Work to be completed.
What you return must be an exact copy of the lines in the listing below between the line holding "Kiana Linen Crop Top in White - Laluxe Femme" and the line holding "A view of midtown", inclusive, and nothing more.

Exercise material.
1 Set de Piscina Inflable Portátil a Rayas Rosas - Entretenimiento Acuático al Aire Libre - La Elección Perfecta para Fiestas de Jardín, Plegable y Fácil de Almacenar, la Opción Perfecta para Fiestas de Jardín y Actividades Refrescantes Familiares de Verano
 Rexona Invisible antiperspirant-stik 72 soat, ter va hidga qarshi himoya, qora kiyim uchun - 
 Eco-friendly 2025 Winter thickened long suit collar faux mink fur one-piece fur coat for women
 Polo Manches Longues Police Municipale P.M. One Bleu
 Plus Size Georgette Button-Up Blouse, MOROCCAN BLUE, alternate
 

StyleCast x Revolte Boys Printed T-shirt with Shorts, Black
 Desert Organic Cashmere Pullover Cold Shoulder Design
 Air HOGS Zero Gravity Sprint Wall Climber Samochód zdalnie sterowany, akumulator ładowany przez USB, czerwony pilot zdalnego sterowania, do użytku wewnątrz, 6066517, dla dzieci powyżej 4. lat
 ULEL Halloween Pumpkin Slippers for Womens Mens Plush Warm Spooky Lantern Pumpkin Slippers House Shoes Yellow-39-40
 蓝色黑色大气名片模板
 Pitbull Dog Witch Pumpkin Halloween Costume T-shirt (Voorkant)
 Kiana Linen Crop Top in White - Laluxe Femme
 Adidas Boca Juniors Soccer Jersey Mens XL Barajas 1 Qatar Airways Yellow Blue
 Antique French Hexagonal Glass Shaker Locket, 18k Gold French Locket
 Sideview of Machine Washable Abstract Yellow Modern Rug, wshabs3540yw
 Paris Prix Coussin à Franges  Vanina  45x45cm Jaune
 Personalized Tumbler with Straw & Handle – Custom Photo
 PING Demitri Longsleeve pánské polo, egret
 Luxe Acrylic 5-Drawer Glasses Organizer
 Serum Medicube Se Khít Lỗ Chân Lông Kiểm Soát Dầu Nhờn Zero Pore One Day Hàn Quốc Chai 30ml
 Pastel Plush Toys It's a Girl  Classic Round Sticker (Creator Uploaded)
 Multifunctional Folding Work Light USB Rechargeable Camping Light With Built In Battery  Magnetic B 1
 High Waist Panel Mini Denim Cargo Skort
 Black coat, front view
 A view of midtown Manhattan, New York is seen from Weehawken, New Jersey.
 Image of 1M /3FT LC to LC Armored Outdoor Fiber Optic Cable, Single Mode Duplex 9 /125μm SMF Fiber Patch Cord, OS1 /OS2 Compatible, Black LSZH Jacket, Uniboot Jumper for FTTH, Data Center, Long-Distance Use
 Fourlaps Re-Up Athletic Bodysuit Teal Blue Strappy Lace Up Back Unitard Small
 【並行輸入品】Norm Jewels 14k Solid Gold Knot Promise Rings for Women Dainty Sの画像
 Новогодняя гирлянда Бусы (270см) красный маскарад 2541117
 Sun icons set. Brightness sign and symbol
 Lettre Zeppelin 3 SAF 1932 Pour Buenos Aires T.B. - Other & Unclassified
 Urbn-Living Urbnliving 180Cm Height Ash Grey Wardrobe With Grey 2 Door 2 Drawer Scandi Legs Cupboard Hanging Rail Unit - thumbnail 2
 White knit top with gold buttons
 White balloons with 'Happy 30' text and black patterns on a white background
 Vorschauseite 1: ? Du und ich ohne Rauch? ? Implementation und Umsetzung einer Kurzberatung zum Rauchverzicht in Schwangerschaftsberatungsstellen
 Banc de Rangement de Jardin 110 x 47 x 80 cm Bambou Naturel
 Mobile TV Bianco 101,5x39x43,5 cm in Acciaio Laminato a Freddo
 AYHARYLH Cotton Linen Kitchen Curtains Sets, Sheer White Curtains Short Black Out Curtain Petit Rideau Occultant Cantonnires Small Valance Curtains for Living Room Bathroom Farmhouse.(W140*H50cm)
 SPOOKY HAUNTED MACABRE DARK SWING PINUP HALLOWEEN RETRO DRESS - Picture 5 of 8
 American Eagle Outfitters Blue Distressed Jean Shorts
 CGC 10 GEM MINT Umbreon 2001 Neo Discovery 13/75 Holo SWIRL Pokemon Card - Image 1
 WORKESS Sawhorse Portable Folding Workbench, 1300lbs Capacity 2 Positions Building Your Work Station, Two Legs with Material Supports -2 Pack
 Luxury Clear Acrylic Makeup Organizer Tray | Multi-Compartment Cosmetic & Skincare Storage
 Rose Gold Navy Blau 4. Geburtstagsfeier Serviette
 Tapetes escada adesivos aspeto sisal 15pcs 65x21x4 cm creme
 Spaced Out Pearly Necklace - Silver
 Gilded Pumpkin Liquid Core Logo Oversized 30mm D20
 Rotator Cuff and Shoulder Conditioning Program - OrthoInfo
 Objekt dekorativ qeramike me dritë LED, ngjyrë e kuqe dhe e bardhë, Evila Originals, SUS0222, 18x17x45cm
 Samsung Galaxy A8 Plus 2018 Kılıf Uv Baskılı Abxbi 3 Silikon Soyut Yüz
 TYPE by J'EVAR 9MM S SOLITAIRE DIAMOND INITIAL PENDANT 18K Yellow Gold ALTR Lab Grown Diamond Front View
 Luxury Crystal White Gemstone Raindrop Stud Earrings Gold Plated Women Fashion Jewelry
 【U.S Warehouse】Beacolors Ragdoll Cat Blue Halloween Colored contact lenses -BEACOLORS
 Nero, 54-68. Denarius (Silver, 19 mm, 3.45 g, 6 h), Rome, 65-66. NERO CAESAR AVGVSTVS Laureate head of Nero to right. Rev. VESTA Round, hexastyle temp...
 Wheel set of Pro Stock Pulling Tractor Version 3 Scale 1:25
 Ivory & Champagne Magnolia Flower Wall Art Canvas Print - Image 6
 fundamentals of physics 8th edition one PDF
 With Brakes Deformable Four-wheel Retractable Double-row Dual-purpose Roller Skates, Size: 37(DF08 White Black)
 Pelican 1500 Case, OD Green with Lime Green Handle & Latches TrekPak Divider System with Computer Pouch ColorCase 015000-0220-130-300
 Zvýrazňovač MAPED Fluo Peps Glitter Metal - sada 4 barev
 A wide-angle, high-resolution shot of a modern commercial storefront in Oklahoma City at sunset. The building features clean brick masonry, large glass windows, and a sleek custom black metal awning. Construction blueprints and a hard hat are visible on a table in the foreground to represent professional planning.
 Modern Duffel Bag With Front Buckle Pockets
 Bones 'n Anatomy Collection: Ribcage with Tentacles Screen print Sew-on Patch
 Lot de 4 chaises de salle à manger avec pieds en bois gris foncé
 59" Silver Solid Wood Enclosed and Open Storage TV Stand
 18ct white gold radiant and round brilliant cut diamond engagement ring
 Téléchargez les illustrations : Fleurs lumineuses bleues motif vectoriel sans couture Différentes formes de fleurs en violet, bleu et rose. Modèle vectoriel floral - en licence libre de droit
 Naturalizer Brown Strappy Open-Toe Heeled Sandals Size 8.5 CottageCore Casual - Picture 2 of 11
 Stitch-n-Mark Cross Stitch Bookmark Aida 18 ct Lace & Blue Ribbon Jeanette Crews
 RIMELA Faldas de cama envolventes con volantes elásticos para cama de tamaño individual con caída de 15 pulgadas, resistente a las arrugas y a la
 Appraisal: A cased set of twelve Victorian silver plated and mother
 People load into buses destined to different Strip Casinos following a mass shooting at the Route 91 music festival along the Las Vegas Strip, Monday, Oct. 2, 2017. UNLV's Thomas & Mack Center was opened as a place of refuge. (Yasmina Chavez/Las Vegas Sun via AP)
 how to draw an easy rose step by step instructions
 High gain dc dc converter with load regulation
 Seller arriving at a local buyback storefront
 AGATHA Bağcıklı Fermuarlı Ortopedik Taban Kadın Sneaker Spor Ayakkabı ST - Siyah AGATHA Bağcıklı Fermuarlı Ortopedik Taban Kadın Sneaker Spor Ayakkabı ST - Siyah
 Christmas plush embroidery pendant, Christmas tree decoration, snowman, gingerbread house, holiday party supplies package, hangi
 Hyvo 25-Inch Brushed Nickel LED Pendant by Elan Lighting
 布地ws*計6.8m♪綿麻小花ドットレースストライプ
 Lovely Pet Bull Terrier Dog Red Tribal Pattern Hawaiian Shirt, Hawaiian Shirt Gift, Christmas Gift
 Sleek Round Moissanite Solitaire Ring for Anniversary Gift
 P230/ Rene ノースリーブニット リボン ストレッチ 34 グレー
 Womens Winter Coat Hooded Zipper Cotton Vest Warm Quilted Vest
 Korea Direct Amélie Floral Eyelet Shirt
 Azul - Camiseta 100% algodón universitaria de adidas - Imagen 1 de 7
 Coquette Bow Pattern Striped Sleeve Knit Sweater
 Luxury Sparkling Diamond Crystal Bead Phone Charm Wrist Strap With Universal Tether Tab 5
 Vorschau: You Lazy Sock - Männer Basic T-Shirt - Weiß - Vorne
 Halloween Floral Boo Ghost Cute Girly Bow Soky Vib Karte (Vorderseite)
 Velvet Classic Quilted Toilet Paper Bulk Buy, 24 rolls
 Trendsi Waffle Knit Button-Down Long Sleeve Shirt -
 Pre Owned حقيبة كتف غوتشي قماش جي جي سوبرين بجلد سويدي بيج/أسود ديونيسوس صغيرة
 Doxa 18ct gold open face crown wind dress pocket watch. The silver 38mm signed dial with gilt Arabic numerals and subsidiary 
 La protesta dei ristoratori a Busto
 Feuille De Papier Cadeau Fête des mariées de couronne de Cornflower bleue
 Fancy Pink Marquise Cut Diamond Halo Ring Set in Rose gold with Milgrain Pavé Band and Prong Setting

Answer below.
 Kiana Linen Crop Top in White - Laluxe Femme
 Adidas Boca Juniors Soccer Jersey Mens XL Barajas 1 Qatar Airways Yellow Blue
 Antique French Hexagonal Glass Shaker Locket, 18k Gold French Locket
 Sideview of Machine Washable Abstract Yellow Modern Rug, wshabs3540yw
 Paris Prix Coussin à Franges  Vanina  45x45cm Jaune
 Personalized Tumbler with Straw & Handle – Custom Photo
 PING Demitri Longsleeve pánské polo, egret
 Luxe Acrylic 5-Drawer Glasses Organizer
 Serum Medicube Se Khít Lỗ Chân Lông Kiểm Soát Dầu Nhờn Zero Pore One Day Hàn Quốc Chai 30ml
 Pastel Plush Toys It's a Girl  Classic Round Sticker (Creator Uploaded)
 Multifunctional Folding Work Light USB Rechargeable Camping Light With Built In Battery  Magnetic B 1
 High Waist Panel Mini Denim Cargo Skort
 Black coat, front view
 A view of midtown Manhattan, New York is seen from Weehawken, New Jersey.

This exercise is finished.